Antonia führt eine glückliche Ehe und hat engen Kontakt mit ihrer Familie. Sie hat 4 Geschwister, ihre Eltern waren bis zum Tod ihrer Mama glücklich verheiratet.
“Das erste Mal wurde ich 1998 schwanger und habe im April 1998 ambulant in München abgetrieben. Noch heute stehe ich zu meiner Entscheidung und bin nicht traurig darüber. Es war schlichtweg nicht der richtige Zeitpunkt. Ich wollte beruflich noch aktiv weitermachen und Geld verdienen. Mein Mann steht ebenfalls zu mir und meiner Entscheidung damals. Es war auch keine große Sache, körperlich war ich nach einem Tag wieder fit und auch seelisch kann ich nur sagen, dass die Entscheidung gegen ein Kind, zu meinem Leben dazugehört. Wie meine beiden wunderbaren Söhne eben jetzt auch! Beide Kinder waren Wunschkinder und sind nach völlig unkomplizierten und schönen Schwangerschaften entspannt auf die Welt gekommen.

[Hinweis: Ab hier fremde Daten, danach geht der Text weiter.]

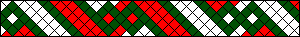 Normal pattern #209191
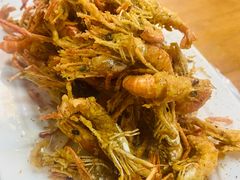 -正宗天津烧麦馆(柳州路店)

2010 bin ich ganz unerwartet noch einmal schwanger geworden. Da war ich aber einfach durch die immense Belastung durch Selbständigkeit und zwei kleine Kinder schon nahe am Burnout und ich konnte mir ein weiteres Kind einfach nicht vorstellen. Mein Mann hat meine Entscheidung akzeptiert und mich auch wieder zur Abtreibung nach München (gleiche Praxis) begleitet. Dieses Mal fiel es mir nachher etwas schwerer, zu meiner Entscheidung zu stehen, da ich wusste, dass ich nun aufgrund meines Alters kein Kind mehr bekommen würde. Im Nachhinein meine ich, dass ich es schon hätte schaffen können mit drei Kindern. Aber auch hier denke ich: Ich kann sicher im Leben nicht alles richtig machen. Aber ich kann mich entscheiden. Und das hab ich gemacht.”
Ich würde gern eure Meinungen zu diesem Thema hören. Wie steht ihr dazu: Findet ihr es wichtig, dass wir offener darüber sprechen? Nicht nur in der 3. Person, sondern wirklich persönlich werden? Empfindet ihr es als Tabu- Thema oder eher nicht?